Gorrell glorifies cartoonists as "the heavy artillery of journalism," adding that, "given the daily saturation of his brain with our images, the reader's perception of issues will invariably be colored by the characterizations we offer." I dispute this. Despite what some magazine articles and book introductions say, cartoonists are not popularly regarded as the sages of our time. The characterizations that remain with us (Nixon as the gray-faced, beady-eyed hunchback; Ford as the bland-looking klutz; Carter as the diminutive, scared-looking twit, etc.) do so not because they molded the putty of our political thought, but because they rang genuine; they captured some truth with an unusual visual articulateness. People do not turn to cartoonists to learn what to think. Rather, they turn to cartoonists to be confronted with an opinion -- one that could just as easily be unpalatable as palatable. The cartoonist need not worry that he might, with a careless flip of his brush, "demolish the world view" of his trusting, Truth-seeking reader.

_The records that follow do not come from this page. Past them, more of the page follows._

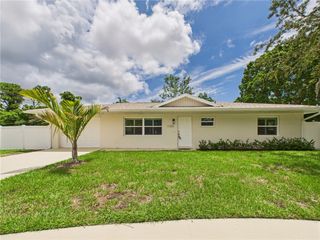11226 Roseland Road, Sebastian, FL 32958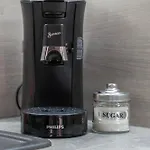 Апартамент Summer Breeze Варна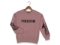 PEMBE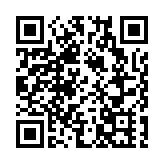 以全省6%的人口創造12.9%的規模工業增加值，蕪湖是怎麼做到的？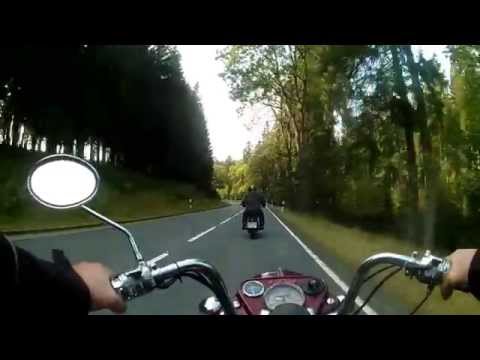 download lagu mp3 mp4 Aomcc Forum, download lagu Aomcc Forum gratis, unduh video klip Aomcc Forum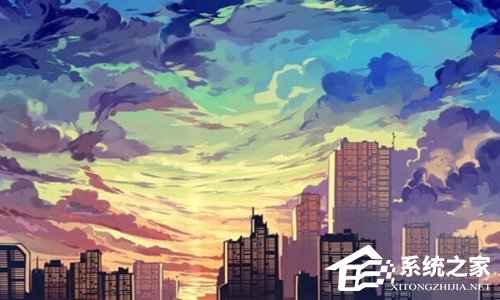 2020抖音吸引人點贊關注的句子，用了漲粉快！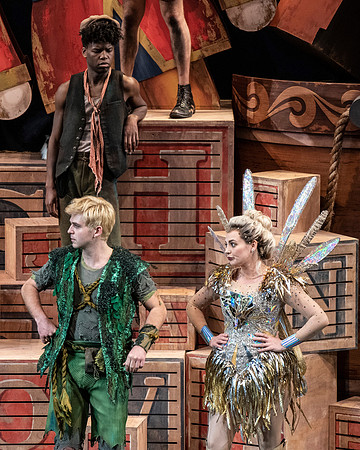 045_Peter Pan and Wendy_TC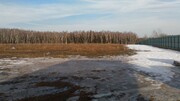 Участок 17,3 сотки Симферопольское шоссе, 37 км.от МКАД.коммуникации, 4152000 руб.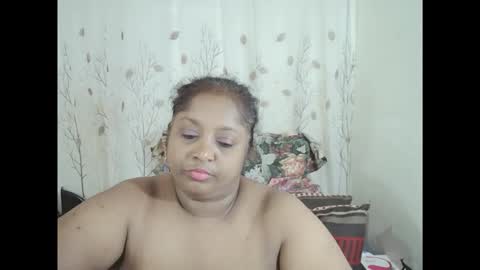 indiantasha online show from February 27, 7:39 pm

The second thrust of Gorrell's attack on exaggerated imagery is based on his premise that the purpose of the editorial cartoon is to enlighten the public. Gorrell concludes that the simplicity and shocking visual misrepresentation in most cartoons does not promote intelligent discussion of current issues. He therefore again asks for moderation on the part of cartoonists.

I do not deny that a cartoon can and should occasionally educate the public, but I question whether that is really the cartoon's major function. The cartoon is certainly ill-equipped to to do it well, at any rate. One picture and a handful of words do not lend themselves to the subtlety, accuracy, and fairness that Gorrell yearns for. It seems to me that the role of educating and intelligent arguing is more properly left to the columnists, who have hundreds of words at their disposal every day. The editorial cartoon is a blunt instrument. It has power, but little finesse. The cartoon hits the reader with a take-it-or-leave-it, point-blank opinion and doesn't stick around to argue. This is its proper function.

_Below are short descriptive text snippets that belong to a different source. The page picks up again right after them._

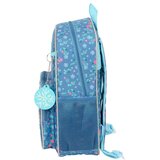 Frozen Mochila Disney 34cm adaptable | shoptok.hr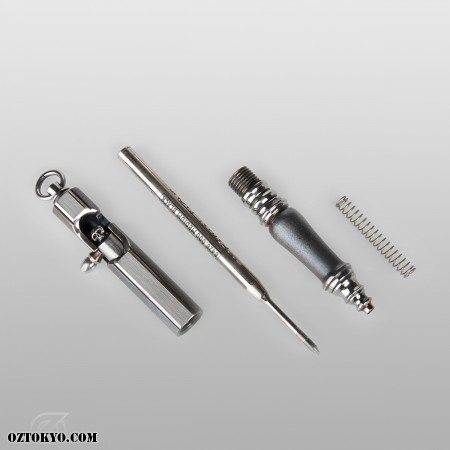 【ルパング様】HAMMAR EFFECT 13P ルパング様】HAMMAR EFFECT 13P ルパング様】HAMMAR EFFECT 13P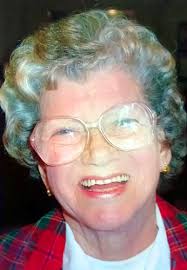 Search Ethel Moore Obituaries and Funeral Services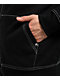 Empyre Bent Metal Black Zip Hoodie - Thumbnail image 5 of 5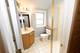3108 Oak, Brookfield, IL 60513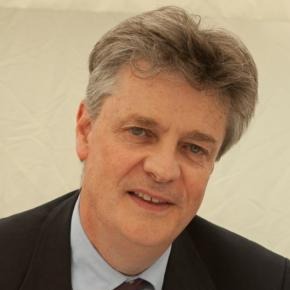 Lord Hill of Oareford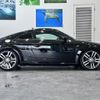 audi tt 2018 -AUDI--Audi TT ABA-FVCHHF--TRUZZZFV0J1017404---AUDI--Audi TT ABA-FVCHHF--TRUZZZFV0J1017404- image 4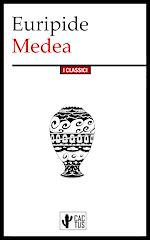 Télécharger le livre :  Medea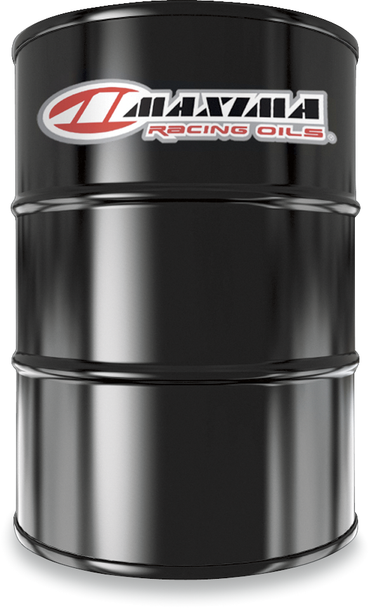 Maxima Racing Oil 30-16055 Technical Engine Oil 20W-50 - 55 U.S. gal. - Drum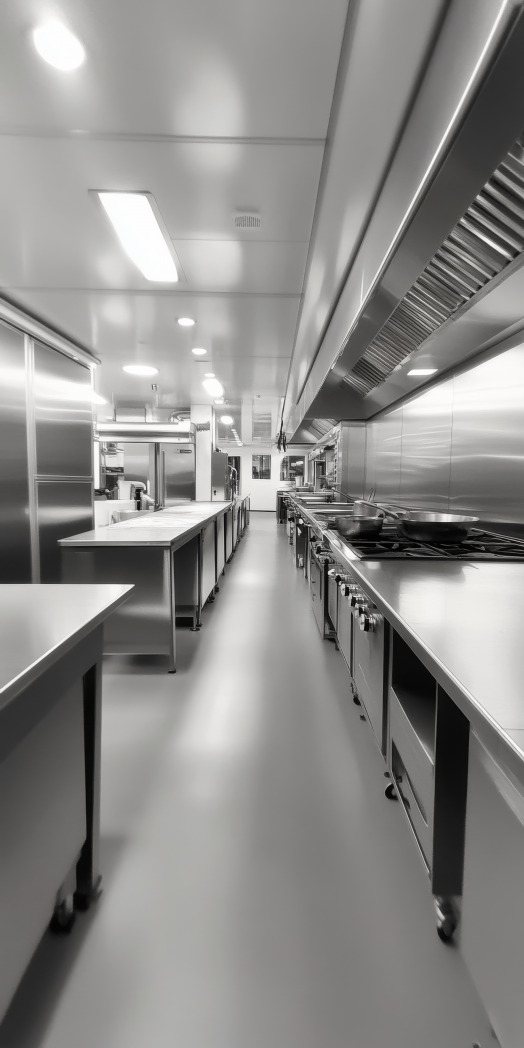 Anwendungsbild von AL-Mitec F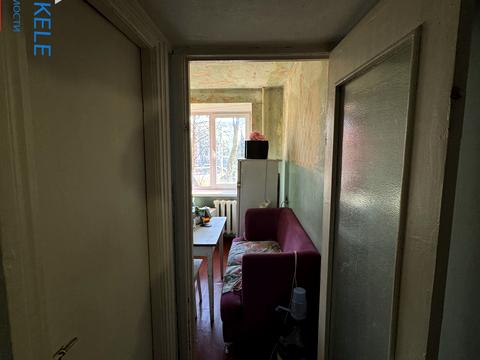 квартира за адресою Київ, Берестейський просп. (Перемоги), 66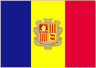 Andorra W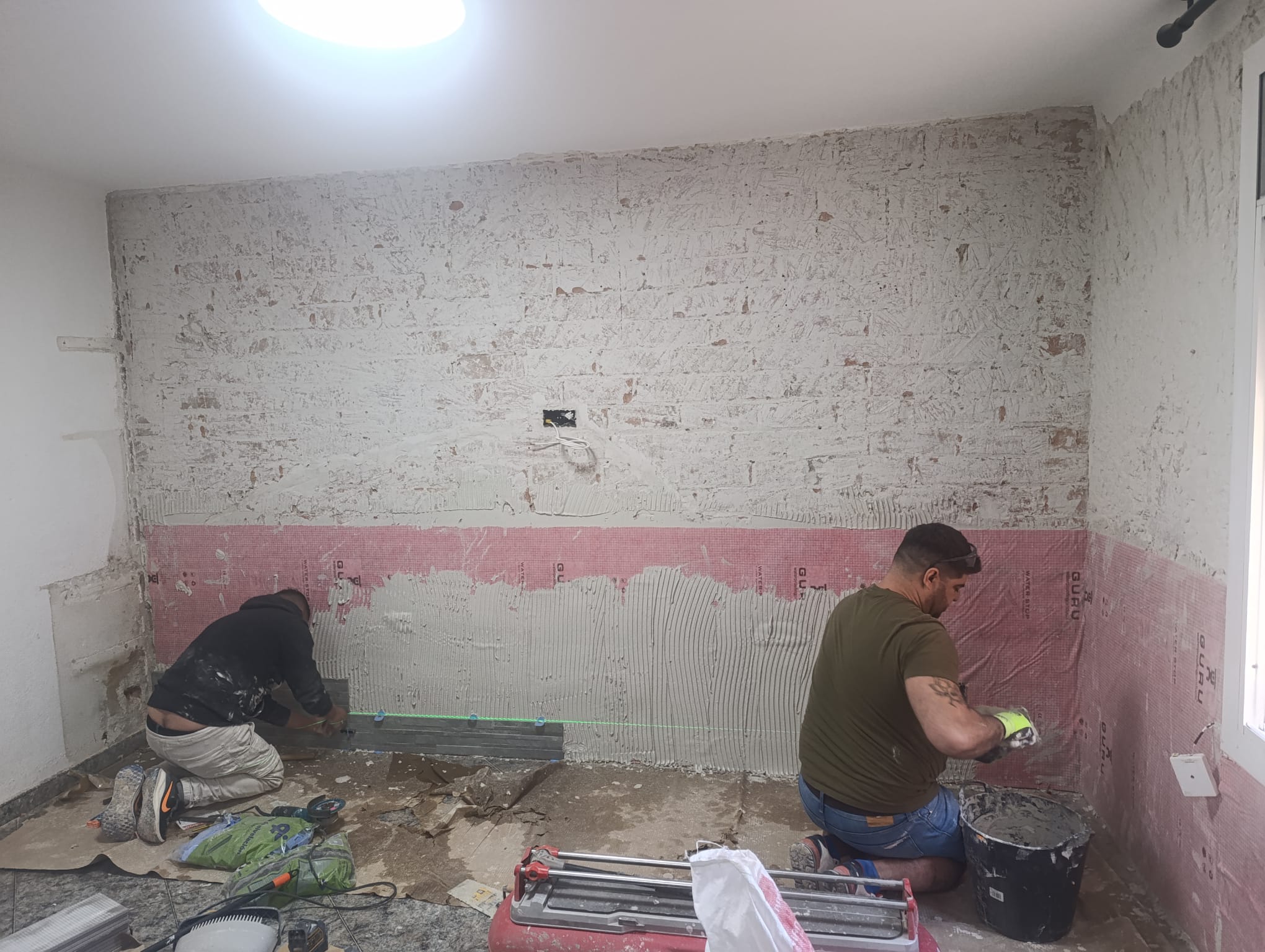 Trabajo 6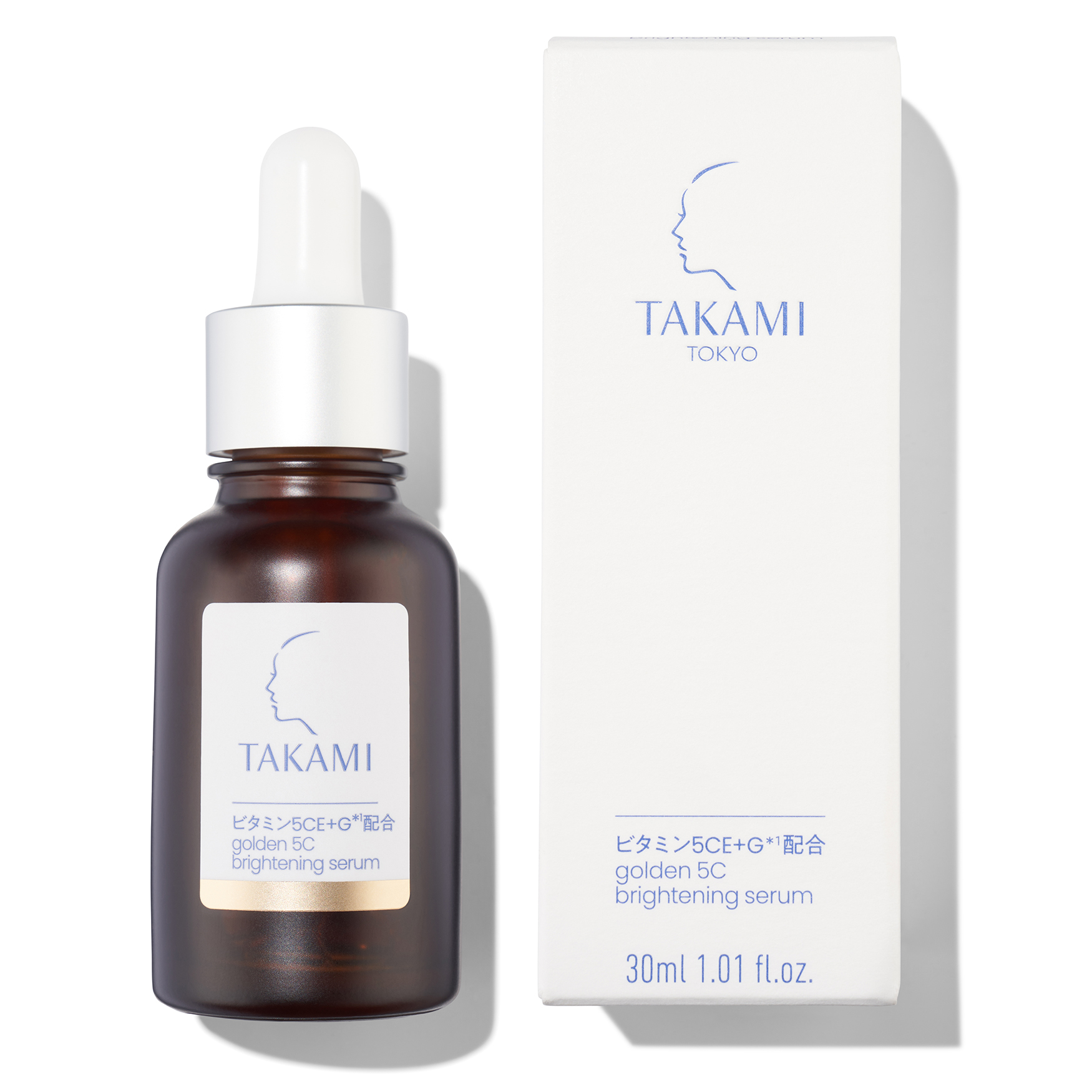 dr james glutathione amazon Takami Golden 5C Brightening Serum | Space NK Mechanism of Cu(II) Detoxification nahrungsergänzung Size:100mg / 60 Capsules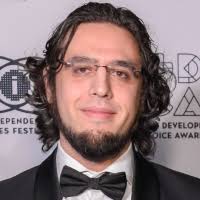Rami Ismail shares pitch template to help aspiring game devs avoid red  flags and common pitfalls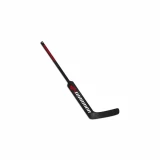 Warrior Abyss Composite Hybrid Goalie Stick '10 Model - Intermediate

A good cartoonist will use levity, gravity, symbols, and caricature with enough unpredictability and variety to catch the reader by surprise. Take away the cartoonist's license to exaggerate, simplify, distort, and shock, and you take away his ability to say anything forcefully. This forcefulness is vital, for this is what compels the reader to think. It is the visual surprise and shock value of the editorial cartoon, whether somber, funny, subtle, or bold, that takes the place of (and sometimes surpasses) the columnist's ability to argue at length. Herblock's famous cartoon of Nixon crawling out of a sewer was unfair, distorted, and didn't include one reason why Nixon was portrayed so viciously. Instead, it confronted the reader with a bald opinion that, by virtue of its exaggeration, was impossible to ignore. The cartoonist's role is not so much to instruct his audience, or illuminate the Truth, as it is to simply take an honest stand and present it vehemently enough so that it must be confronted. This constitutes the power of the cartoon to stimulate discussion and debate. And this is the cartoon's positive function in society.

The shallowness that Gorrell points to is not, then, a result of overstated imagery, but rather, in my opinion, virtually the opposite. Far from abusing our license to be outrageous, cartoonists aren't taking advantage of it. If cartoons need not, as I have argued, actually instruct, they should at least provoke. Although a cartoonist is justified in occasionally climbing down from the pulpit and humorously remarking on some aspect of everyday life, editorial cartoons should be more than simply amusing. No cartoon that merely makes a pun or silly word play is going to elevate the level of discussion on any issue. Too many cartoons nowadays are chuckled at and easily forgotten, because they have not taken a position any more intriguing than "Med-flies are funny." Considering the opportunity the cartoonist has, to surprise or anger people enough to make them think and argue, presenting a comic strip-calibre joke is quite a waste of weaponry in the so-called "heavy artillery of journalism."